Tambour doors are made by gluing a gang of individual wooden slats to a canvas backing. The slat ends have tongues that ride in a track groove routed into the cabinet carcase. The canvas backing gives a tambour plenty of flexibility to follow gentle curves in a track, so the doors can run back into the cabinet and disappear. Their flexibility makes tambours an attractive solution for doors in a wide variety of cabinet and furniture pieces. Although tambours can be made to operate vertically, the most accessible projects involve one or two horizontally sliding doors, such as the ones in the buffet I built shown below.
In this article, I’ll tell you how I make a typical tambour door, from milling the slats to gluing on the canvas, to routing the track, to adding handles and installing the finished doors. Because smooth-running doors depend on careful planning as much as precise construction, I suggest you read the sidebar on tambour design in the PDF before you proceed. Once you’ve determined track layout and slat size, you can make a full-scale plan-view drawing of the cabinet and use it to generate templates for the track and various cabinet parts.
Milling the slats
Door construction begins with milling the slats. I perform this task in several separate stages, allowing the blanks to season in between. Though this may seem time-consuming, it ensures that all wood distortion and dimensional changes take place before the slats are glued to their canvas backing. The straightness and precision of each slat is crucial to a smooth-running tambour.

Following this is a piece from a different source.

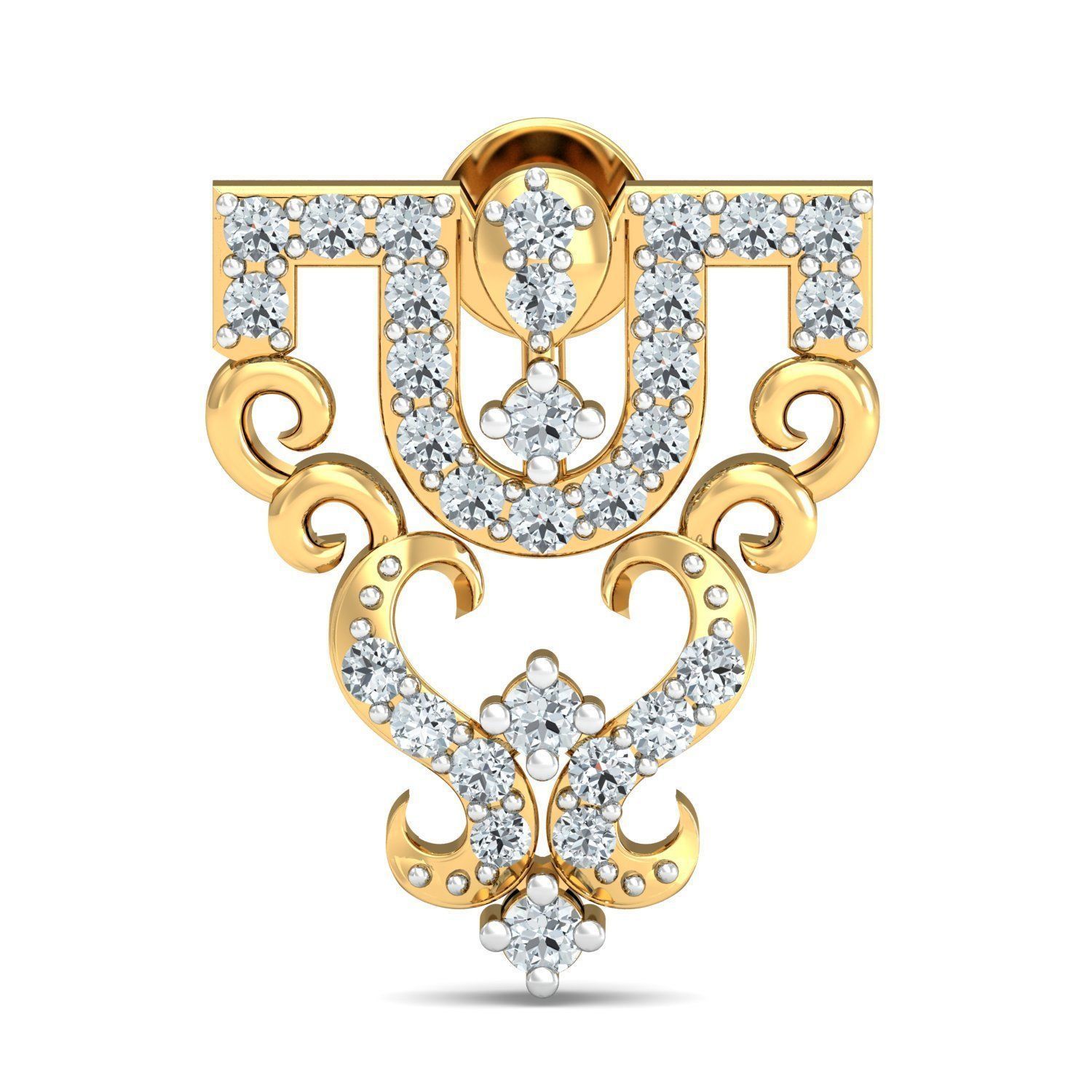 Solitaire Women Diamond Earring 3dm STL OBJ FBX Render Details 3D print model_1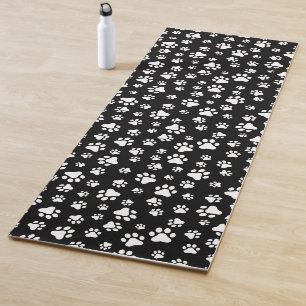 Tapis De Yoga Motif des pattes, Empreintes de pattes, noir et bl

I begin by estimating how many slats the door will require. Experience has taught me to be conservative and to make 25% to 30% more than the total number needed; even more if the wood is fussy and seems prone to warping. In the first milling stage, I joint, then thickness plane or ripsaw the slats until they’re at least one-and-a-half times thicker and wider than the finished size and slightly longer. Once the first pass is done, I stack the slats into a neat pile, placing stickers between the courses to allow air circulation. The length of time it takes the wood to season will vary depending on the species, the climate in your shop, and how wet or dry the wood was to begin with. Most distortion probably will occur within a few days. But don’t worry; you’ve left enough stock on each slat to allow corrections in subsequent milling.
The next milling stage removes another 15% or so from each slat. To keep things orderly, I’ve developed my own procedure: First I joint one edge of each slat, and place those edges face down on the worktable. Next I thickness plane the unjointed edges (to keep them parallel). I rotate each slat 90°, so it’s face up, before setting it on the worktable. Then I repeat the same jointing/thicknessing process. This minimizes confusion about what’s been done and what hasn’t. After all the milling is completed, the slats go back to the stickers for another day or two of seasoning.
The final milling step takes the slats to within a final sanding of their finished dimensions. A final pass is taken with jointer and planer. It’s advisable to do any edge-shaping on the slats prior to this last milling, especially if shaping removes considerable stock because this may induce additional warping. My shop is equipped with a small drum sander, so I sand all the slats with it. Now sticker the slats again, and leave them until you’re ready to glue up the doors.